Appeal from the Board of Tax Appeals.
Before SWAN, AUGUSTUS N. HAND, and PATTERSON, Circuit Judges.
PATTERSON, Circuit Judge.
The commissioner found a deficiency of $645.14 in the petitioner's income tax for 1933. The deficiency resulted from disallowance of the greater part of a deduction claimed by the petitioner for amortization of his share of expenses in connection with a lease. The Board of Tax Appeals sustained the commissioner.
The petitioner owned an undivided interest in New York real estate. In 1928 the owners made a twenty-one year lease of the property, to begin on May 2, 1929. The lessee was to demolish the existing buildings and erect a new building. The lessee entered into possession and demolished. The petitioner's share of the value of the demolished building was $21,852.33, and his share of other expenses connected with the lease (broker's commission, legal expenses and so on) was $6,990.02, a total of $28,842.35. This sum amortized over the twenty-one years of the lease would be apportioned at $1,373.45 for each calendar year, with proportionately smaller sums for the fractions of 1929 and 1950 covered by the lease. But the lease came to an end in 1933, for practical purposes at least. A company purchased the lessee's interest at foreclosure sale, and on January 23, 1933, the owners of the fee simple, including the petitioner, conveyed their interests in the realty, including their rights under the lease, to the company which had acquired the leasehold, in exchange for its entire capital stock and $4,290,000 face value of its bonds. The petitioner and other owners of undivided shares received the stock and bonds in proportion to the amount of their undivided interests in the real estate.
In his 1933 return the petitioner claimed as a deduction from gross incme the unamortized part of the expenses incurred in connection with the lease, $23,806.37. The commissioner disallowed the deduction. He allowed only a deduction of $114.45, representing amortization for one month in 1933.

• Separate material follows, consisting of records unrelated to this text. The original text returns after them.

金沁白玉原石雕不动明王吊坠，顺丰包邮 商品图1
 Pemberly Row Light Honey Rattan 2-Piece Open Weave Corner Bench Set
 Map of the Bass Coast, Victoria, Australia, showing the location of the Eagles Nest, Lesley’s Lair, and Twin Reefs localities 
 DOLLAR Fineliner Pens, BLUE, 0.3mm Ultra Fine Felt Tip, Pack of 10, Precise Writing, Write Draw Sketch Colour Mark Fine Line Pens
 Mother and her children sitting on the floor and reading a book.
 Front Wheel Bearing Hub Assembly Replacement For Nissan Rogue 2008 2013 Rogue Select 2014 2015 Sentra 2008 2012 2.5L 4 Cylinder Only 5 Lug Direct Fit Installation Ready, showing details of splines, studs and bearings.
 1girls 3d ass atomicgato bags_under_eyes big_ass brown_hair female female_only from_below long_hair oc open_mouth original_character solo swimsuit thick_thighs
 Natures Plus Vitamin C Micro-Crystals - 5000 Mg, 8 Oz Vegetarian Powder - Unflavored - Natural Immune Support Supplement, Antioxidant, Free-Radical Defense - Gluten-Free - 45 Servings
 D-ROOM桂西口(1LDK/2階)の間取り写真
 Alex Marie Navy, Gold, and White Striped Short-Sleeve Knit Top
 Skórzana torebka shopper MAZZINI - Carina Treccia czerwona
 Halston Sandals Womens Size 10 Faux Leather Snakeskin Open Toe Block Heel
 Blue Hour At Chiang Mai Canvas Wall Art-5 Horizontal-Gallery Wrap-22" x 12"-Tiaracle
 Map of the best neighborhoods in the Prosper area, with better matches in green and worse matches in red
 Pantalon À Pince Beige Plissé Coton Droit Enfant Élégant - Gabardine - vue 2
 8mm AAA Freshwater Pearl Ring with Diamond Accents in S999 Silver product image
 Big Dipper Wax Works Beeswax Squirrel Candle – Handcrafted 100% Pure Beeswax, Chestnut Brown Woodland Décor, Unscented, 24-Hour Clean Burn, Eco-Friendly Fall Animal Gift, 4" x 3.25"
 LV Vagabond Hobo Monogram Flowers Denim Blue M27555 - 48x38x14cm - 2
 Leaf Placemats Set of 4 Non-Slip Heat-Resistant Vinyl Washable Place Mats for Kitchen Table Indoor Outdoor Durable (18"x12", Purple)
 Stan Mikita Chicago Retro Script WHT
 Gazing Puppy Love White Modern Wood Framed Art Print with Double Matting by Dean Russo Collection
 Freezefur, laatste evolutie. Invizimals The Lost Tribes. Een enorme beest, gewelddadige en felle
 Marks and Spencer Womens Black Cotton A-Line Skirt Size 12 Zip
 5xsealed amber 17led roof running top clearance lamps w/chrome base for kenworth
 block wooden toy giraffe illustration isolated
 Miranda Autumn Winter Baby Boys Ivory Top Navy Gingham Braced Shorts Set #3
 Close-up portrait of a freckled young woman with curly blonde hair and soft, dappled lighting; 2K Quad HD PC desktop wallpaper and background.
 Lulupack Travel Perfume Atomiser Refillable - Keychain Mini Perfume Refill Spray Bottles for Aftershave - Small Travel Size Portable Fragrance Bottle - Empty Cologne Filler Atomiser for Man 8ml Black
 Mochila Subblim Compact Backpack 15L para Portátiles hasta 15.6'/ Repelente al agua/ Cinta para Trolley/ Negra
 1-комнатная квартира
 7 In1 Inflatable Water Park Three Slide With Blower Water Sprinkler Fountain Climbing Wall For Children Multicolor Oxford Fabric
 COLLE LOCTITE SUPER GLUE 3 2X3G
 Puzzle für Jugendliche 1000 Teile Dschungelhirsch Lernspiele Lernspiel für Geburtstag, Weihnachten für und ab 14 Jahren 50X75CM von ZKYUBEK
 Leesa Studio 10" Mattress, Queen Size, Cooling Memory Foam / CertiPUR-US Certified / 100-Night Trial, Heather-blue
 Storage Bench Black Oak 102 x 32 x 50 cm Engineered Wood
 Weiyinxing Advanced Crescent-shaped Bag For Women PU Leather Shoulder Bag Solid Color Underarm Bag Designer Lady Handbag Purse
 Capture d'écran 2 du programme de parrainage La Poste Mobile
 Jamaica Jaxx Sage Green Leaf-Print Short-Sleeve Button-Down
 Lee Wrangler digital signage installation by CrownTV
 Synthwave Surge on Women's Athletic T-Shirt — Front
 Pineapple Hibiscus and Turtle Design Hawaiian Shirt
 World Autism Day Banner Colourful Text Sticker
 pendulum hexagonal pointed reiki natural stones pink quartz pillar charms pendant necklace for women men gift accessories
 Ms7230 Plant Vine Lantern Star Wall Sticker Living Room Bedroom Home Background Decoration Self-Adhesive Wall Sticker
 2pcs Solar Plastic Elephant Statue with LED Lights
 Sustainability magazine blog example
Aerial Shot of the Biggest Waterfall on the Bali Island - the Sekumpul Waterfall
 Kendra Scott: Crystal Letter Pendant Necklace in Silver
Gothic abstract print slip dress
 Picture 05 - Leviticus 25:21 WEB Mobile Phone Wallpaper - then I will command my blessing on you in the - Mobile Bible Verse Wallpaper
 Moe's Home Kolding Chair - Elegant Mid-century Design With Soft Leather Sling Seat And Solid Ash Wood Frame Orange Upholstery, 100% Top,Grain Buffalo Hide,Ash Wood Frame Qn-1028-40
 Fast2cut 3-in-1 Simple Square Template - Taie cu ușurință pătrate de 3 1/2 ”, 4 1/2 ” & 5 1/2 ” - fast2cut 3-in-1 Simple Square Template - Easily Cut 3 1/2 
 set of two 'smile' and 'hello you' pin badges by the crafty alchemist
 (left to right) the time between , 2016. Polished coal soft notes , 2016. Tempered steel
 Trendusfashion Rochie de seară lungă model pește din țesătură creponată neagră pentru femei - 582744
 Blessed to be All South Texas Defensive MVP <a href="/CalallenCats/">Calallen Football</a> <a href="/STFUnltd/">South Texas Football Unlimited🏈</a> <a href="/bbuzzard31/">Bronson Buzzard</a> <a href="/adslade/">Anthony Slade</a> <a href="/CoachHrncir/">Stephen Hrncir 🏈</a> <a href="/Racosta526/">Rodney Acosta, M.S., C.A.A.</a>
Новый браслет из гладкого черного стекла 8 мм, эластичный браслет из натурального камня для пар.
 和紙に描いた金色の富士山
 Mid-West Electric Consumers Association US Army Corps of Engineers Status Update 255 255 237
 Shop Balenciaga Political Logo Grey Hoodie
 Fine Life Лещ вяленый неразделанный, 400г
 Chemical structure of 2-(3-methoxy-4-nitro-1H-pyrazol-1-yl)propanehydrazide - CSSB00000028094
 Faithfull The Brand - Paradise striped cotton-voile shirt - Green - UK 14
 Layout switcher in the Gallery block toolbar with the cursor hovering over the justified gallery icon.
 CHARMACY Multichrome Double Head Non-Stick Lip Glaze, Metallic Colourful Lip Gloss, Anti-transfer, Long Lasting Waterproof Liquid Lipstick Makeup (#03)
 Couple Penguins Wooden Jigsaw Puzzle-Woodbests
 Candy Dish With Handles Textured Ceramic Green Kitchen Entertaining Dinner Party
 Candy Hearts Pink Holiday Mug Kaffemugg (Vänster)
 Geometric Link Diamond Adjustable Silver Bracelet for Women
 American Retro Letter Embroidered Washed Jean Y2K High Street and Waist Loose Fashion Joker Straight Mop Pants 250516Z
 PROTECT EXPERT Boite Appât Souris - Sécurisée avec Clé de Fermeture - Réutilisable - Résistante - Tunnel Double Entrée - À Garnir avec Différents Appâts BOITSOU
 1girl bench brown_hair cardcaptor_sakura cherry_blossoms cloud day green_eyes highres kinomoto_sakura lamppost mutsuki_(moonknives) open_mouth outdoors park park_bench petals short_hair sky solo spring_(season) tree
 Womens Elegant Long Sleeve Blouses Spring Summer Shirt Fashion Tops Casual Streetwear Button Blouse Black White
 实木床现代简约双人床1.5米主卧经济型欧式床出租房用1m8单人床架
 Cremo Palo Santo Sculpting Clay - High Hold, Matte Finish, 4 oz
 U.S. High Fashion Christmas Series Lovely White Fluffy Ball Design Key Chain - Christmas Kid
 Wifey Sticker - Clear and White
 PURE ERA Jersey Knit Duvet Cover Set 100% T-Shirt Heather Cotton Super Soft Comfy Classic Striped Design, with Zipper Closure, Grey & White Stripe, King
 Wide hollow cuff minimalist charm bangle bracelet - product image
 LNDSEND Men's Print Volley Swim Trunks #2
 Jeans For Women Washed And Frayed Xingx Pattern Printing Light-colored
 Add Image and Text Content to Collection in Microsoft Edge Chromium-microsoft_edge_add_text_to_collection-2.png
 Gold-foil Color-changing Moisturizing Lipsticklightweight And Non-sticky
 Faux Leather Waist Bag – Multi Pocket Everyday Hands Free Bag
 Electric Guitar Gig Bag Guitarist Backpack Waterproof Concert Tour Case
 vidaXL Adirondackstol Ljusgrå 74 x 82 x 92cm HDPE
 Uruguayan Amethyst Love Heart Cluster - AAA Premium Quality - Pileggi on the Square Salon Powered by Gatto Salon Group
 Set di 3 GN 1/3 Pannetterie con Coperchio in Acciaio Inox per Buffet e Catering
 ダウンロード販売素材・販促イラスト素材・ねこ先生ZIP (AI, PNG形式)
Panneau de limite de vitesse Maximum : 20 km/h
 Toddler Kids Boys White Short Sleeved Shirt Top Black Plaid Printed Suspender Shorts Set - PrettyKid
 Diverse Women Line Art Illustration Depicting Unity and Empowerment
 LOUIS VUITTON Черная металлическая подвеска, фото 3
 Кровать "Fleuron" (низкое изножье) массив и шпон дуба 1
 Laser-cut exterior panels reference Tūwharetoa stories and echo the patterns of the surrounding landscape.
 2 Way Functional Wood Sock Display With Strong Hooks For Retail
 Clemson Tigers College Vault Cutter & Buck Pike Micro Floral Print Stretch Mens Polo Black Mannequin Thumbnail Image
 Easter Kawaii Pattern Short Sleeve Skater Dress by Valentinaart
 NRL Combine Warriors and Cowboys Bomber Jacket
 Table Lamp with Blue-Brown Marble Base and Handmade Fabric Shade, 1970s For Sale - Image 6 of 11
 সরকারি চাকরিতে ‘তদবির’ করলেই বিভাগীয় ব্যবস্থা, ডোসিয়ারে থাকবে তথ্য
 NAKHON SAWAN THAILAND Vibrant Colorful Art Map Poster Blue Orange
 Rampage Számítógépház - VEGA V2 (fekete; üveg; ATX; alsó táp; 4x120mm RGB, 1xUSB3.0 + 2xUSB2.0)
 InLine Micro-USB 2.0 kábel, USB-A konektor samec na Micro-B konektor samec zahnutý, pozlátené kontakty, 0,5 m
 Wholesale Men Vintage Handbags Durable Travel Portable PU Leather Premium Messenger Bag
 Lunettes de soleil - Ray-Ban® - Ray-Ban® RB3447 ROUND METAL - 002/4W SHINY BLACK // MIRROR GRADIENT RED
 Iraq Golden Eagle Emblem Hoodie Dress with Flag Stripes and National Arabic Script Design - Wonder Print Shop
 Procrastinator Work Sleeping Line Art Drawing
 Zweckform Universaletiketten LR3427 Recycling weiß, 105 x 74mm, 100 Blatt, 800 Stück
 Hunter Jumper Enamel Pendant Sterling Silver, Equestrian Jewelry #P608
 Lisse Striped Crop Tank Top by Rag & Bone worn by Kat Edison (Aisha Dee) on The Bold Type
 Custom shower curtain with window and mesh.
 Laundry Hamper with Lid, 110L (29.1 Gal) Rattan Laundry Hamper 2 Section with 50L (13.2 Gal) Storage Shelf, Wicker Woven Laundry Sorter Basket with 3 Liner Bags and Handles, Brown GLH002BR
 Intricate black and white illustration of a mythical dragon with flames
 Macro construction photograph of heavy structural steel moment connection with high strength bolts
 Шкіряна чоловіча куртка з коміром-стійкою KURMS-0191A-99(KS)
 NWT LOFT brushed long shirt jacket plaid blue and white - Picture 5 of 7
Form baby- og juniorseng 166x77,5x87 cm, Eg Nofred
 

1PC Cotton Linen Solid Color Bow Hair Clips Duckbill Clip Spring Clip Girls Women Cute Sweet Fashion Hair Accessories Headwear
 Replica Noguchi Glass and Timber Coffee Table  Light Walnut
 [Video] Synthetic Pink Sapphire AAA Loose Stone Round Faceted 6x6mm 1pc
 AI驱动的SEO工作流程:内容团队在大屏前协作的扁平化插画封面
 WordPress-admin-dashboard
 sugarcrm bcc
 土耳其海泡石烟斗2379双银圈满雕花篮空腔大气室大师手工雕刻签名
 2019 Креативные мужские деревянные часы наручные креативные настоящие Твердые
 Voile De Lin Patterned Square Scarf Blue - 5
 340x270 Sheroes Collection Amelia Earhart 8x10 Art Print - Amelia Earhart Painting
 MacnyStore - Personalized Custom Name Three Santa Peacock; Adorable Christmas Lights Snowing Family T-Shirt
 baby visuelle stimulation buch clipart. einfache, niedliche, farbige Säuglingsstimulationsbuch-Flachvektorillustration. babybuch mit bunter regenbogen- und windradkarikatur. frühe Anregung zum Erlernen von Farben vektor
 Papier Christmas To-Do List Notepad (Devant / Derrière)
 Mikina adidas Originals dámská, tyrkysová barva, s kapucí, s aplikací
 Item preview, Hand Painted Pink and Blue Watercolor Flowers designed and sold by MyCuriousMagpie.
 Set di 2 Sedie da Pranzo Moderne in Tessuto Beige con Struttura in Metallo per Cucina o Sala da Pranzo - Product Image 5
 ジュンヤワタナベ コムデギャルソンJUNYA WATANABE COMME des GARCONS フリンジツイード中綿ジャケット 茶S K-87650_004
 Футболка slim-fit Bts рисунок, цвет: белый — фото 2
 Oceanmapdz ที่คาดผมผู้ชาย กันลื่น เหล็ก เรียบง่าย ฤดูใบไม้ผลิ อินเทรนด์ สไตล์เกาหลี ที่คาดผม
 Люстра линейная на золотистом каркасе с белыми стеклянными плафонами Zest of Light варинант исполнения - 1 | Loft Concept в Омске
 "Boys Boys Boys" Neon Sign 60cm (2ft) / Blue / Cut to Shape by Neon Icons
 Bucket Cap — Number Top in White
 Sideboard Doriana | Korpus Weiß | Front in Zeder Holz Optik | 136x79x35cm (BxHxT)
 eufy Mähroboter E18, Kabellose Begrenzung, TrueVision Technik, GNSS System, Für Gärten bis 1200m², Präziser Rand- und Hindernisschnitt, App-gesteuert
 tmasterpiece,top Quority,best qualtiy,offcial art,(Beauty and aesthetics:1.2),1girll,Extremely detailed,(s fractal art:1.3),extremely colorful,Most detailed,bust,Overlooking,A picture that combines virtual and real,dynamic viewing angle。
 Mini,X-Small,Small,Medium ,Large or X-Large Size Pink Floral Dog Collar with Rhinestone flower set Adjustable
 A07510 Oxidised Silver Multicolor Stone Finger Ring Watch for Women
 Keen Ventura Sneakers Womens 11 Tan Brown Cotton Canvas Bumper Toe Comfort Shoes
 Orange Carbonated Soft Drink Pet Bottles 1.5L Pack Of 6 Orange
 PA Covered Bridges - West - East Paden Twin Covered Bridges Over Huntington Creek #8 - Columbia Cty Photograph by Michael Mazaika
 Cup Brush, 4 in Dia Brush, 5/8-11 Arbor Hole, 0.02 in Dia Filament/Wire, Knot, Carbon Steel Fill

The loss on demolition of the old building, the broker's commission and other costs in the making of the lease are deemed capital cost to acquire a wasting asset, and so are deducted pro rata over the life of the lease. Bonwit Teller & Co. v. Commissioner, 2 Cir., 53 F.2d 381, 82 A.L.R. 325; Helvering v. Manhattan Life Ins. Co., 2 Cir., 71 F.2d 292. For each year that the lease ran, the petitioner was entitled to deduct the proportionate amount, and if the lease had continued to its appointed end he would have finally taken deductions for the entire cost. But the lease came to a premature end in 1933, and the right to take a proportionate deduction annually on account of the cost of acquiring the lease also came to an end. Helvering v. Manhattan Life Ins. Co., supra. The unamortized portion of that cost was part of the petitioner's investment in the real estate. If the 1933 transaction had been a sale resulting in taxable gain or loss, the unamortized amount would have figured as part of the petitioner's cost. The transaction, however, was an exchange without gain or loss, and the petitioner's cost basis for the securities received is represented by his cost basis of the real estate and his unamortized cost of the lease.
The Board was right in its disposition of the case. The decision will be affirmed.